**DESCRIPTION OF THE TASK:** Please output all of the entries exactly and omit any images they hold.

**SOURCE MATERIAL:**

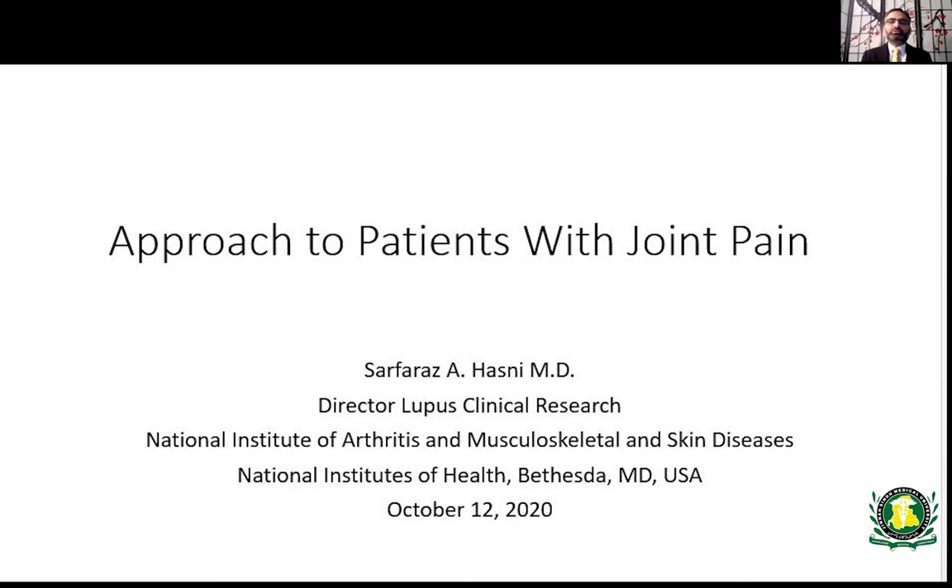As-salamu alaykum. My name is Sarfraz Ahmed Hasni and I'm a rheumatologist by training, currently working at the National Institutes of Health in Bethesda, Maryland, United States. I'm very thankful to the organizers and proud to present to my alma mater, where I was a student sitting in lecture halls. Now I'm honored to come back and give a lecture to the place that taught me a lot. I'll be talking today about problems you'll encounter in clinical practice when patients come to you with joint pain.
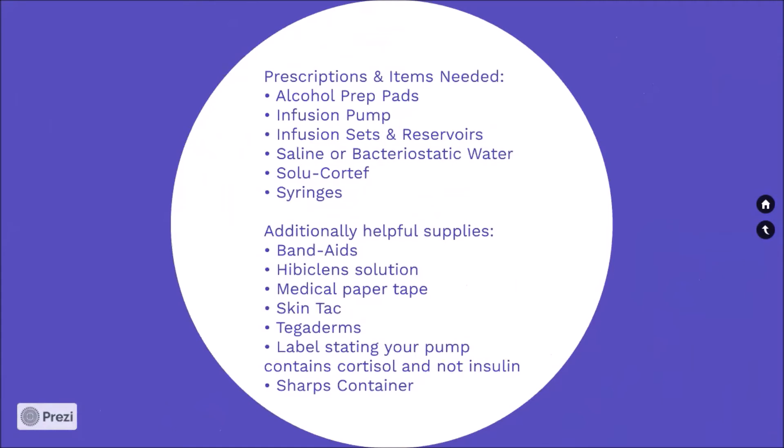Prescriptions and items needed: alcohol prep pads, infusion pump, infusion sets and reservoirs, saline or bacteriostatic water, Solu-Cortef, and syringes. Additionally helpful supplies include Band-Aids, Hibiclens solution, medical paper tape, Skin Tac, Tegaderms, a label stating your pump contains cortisol and not insulin, and a sharps container.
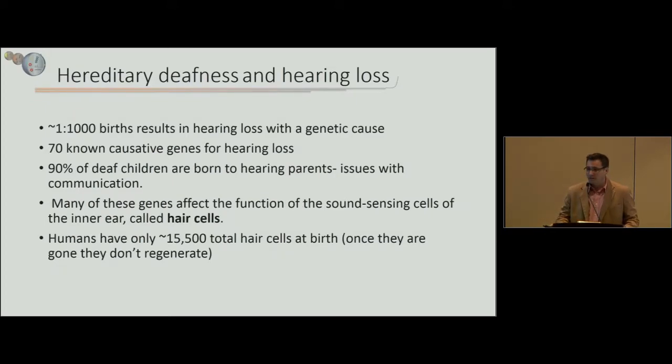Hereditary deafness affects about 1 in 1,000 births and has a genetic cause, with about 70 known causative genes for hearing loss. Interestingly, 90% of deaf children are born to hearing parents, which can lead to developmental delays. Many of these genes affect the function of the sound-sensing cells of the inner ear, called hair cells. Humans only have about 15,000 total hair cells at birth — once they're gone, they don't regenerate.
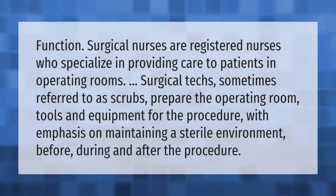Surgical nurses are registered nurses who specialize in providing care to patients in operating rooms. Surgical techs, sometimes referred to as scrubs, prepare the operating room tools and equipment for the procedure, with emphasis on maintaining a sterile environment before, during, and after the procedure.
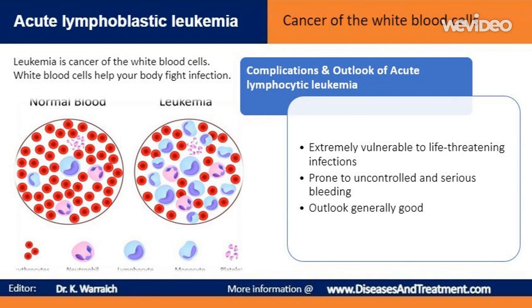If a cure for acute lymphoblastic leukemia isn't possible, there's a risk that the lack of healthy blood cells can make the person extremely vulnerable to life-threatening infections because of the lack of white blood cells, and prone to uncontrolled and serious bleeding because of the lack of platelets.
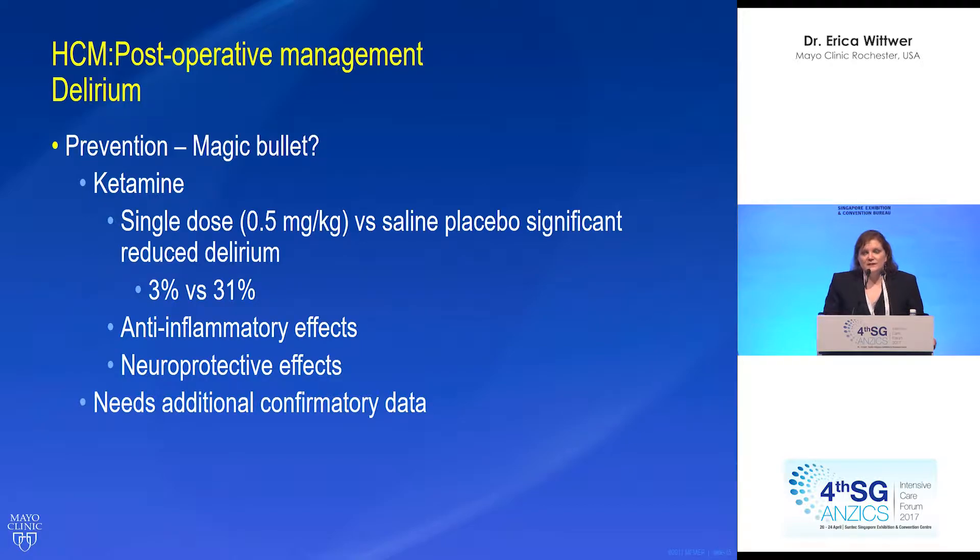Do we have a magic bullet for prevention? Ketamine has been shown in a single, relatively small dose — versus saline placebo given at the beginning of a cardiac surgery case — to reduce the incidence of delirium: 3% versus 31%. That's really impressive. The likely mechanism is anti-inflammatory and neuroprotective effects of ketamine. There's been growing acknowledgment of ketamine's neuroprotective effects in acute neurologic injury, and patients suffering from delirium have acute neurologic injury. However, this needs additional confirmatory data before we can hang our hats on ketamine as a magic bullet.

**SOLUTION TO THE EXERCISE:**
As-salamu alaykum. My name is Sarfraz Ahmed Hasni and I'm a rheumatologist by training, currently working at the National Institutes of Health in Bethesda, Maryland, United States. I'm very thankful to the organizers and proud to present to my alma mater, where I was a student sitting in lecture halls. Now I'm honored to come back and give a lecture to the place that taught me a lot. I'll be talking today about problems you'll encounter in clinical practice when patients come to you with joint pain.
Prescriptions and items needed: alcohol prep pads, infusion pump, infusion sets and reservoirs, saline or bacteriostatic water, Solu-Cortef, and syringes. Additionally helpful supplies include Band-Aids, Hibiclens solution, medical paper tape, Skin Tac, Tegaderms, a label stating your pump contains cortisol and not insulin, and a sharps container.
Hereditary deafness affects about 1 in 1,000 births and has a genetic cause, with about 70 known causative genes for hearing loss. Interestingly, 90% of deaf children are born to hearing parents, which can lead to developmental delays. Many of these genes affect the function of the sound-sensing cells of the inner ear, called hair cells. Humans only have about 15,000 total hair cells at birth — once they're gone, they don't regenerate.
Surgical nurses are registered nurses who specialize in providing care to patients in operating rooms. Surgical techs, sometimes referred to as scrubs, prepare the operating room tools and equipment for the procedure, with emphasis on maintaining a sterile environment before, during, and after the procedure.
If a cure for acute lymphoblastic leukemia isn't possible, there's a risk that the lack of healthy blood cells can make the person extremely vulnerable to life-threatening infections because of the lack of white blood cells, and prone to uncontrolled and serious bleeding because of the lack of platelets.
Do we have a magic bullet for prevention? Ketamine has been shown in a single, relatively small dose — versus saline placebo given at the beginning of a cardiac surgery case — to reduce the incidence of delirium: 3% versus 31%. That's really impressive. The likely mechanism is anti-inflammatory and neuroprotective effects of ketamine. There's been growing acknowledgment of ketamine's neuroprotective effects in acute neurologic injury, and patients suffering from delirium have acute neurologic injury. However, this needs additional confirmatory data before we can hang our hats on ketamine as a magic bullet.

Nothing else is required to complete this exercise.